With this number of GPUs I suppose we are talking of custom components.
So, maybe the performance per GPU are not so high and more important the power usage are lowered a lot.
 
It is a form of distributed computing. This type of thing has been done for quite a long time already so this is nothing new. Now it just has a better marketing term. This is also being used for a lot of things like Bitcoin mining which is probably going to end up its main use.
 
Last edited by a moderator:

Pierce2623

Commendable
Dec 3, 2023
503
386
1,260
Usually business is all about ROI and profit but... really, c'mon, someone show me the math on how investments like this pay off without losing money?? We're also talking about cooling, electric bills, sys admins, and so on, so... wtf is so magically about a (relatively?) well-trained and advanced AI LLM or such that costifies this?

Seriously, not being a hater just to hate but again being on the business side of things in IT, I need to see some math.

On another note, at least some folks are seeing the value in not paying ridiculous cash just to have "the best" (nVidia) whereas AMD can honestly and probably provide a better return on investment. Kind of that age-old name brand vs. generic argument.

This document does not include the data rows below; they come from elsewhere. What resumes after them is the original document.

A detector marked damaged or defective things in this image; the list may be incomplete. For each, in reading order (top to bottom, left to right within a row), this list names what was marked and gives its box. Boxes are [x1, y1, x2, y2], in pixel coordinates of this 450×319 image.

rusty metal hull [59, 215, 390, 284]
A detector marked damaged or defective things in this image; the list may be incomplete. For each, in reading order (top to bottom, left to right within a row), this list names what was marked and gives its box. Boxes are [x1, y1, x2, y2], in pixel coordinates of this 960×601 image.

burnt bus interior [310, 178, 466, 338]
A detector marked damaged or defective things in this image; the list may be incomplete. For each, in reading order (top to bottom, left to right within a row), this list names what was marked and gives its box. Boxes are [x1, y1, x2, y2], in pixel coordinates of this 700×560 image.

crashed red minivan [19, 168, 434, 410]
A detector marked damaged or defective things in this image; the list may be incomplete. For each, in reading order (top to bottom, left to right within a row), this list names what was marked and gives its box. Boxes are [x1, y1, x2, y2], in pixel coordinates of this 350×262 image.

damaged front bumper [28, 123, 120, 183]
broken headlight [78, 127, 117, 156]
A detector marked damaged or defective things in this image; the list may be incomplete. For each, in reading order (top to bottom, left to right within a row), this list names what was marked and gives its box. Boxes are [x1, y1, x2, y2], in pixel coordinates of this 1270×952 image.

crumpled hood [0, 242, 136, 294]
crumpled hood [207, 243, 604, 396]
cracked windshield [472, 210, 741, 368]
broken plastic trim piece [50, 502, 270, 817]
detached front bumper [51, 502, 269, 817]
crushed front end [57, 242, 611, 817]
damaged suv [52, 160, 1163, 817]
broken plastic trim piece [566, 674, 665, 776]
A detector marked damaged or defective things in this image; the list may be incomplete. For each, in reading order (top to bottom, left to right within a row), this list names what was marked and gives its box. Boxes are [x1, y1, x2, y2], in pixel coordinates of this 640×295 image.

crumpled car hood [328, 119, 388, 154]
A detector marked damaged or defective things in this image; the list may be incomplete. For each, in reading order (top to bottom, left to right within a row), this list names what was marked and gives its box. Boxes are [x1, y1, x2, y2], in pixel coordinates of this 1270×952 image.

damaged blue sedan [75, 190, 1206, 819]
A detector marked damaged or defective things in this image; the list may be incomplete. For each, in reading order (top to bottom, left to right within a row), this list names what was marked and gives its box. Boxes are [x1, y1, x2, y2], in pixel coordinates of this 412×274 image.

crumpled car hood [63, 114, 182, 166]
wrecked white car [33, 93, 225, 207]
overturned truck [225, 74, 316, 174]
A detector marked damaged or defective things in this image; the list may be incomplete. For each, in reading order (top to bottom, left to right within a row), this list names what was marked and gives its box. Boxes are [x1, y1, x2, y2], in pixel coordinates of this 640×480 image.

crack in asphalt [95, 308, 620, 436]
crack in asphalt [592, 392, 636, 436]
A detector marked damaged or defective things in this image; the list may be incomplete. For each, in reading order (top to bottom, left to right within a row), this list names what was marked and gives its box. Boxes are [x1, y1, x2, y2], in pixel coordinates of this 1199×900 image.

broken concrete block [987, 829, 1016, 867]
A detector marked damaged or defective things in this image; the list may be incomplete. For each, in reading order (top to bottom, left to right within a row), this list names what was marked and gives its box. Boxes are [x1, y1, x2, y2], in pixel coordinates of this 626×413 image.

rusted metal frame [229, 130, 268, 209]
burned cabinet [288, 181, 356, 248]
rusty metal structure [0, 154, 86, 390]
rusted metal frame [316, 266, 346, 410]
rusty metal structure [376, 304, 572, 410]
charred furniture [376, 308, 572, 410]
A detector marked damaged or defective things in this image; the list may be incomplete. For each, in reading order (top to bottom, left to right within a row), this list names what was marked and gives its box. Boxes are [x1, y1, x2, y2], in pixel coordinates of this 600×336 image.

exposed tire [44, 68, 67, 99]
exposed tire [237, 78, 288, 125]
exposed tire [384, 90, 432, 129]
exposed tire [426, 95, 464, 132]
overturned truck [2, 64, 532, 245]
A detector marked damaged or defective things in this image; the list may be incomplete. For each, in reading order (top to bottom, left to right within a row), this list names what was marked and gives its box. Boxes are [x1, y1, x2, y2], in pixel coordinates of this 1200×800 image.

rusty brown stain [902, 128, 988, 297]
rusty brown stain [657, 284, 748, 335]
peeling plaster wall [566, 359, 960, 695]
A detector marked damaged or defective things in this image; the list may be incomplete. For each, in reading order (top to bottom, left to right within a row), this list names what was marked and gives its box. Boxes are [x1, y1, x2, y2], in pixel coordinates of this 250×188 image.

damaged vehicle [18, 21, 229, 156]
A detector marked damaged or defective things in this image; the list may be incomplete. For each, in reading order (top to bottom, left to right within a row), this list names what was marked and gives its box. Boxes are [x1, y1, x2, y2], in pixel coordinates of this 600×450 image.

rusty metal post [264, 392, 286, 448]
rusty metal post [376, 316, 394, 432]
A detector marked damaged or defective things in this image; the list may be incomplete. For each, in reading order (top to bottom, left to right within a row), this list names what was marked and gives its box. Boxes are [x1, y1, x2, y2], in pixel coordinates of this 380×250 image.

Still mindblown over here. How many supercomputers have more than 1.2 million CPU's? I know this doesn't account for core counts but holy smokes, we're clearly not talking apples to apples here!! Pretty sure a mini power plant is literally needed to sit beside a datacenter/supercomputing facility like this.
I would think the business case here would be a specific “AI training” setup that gets consistent business from OpenAI, Meta, Amazon, Google etc.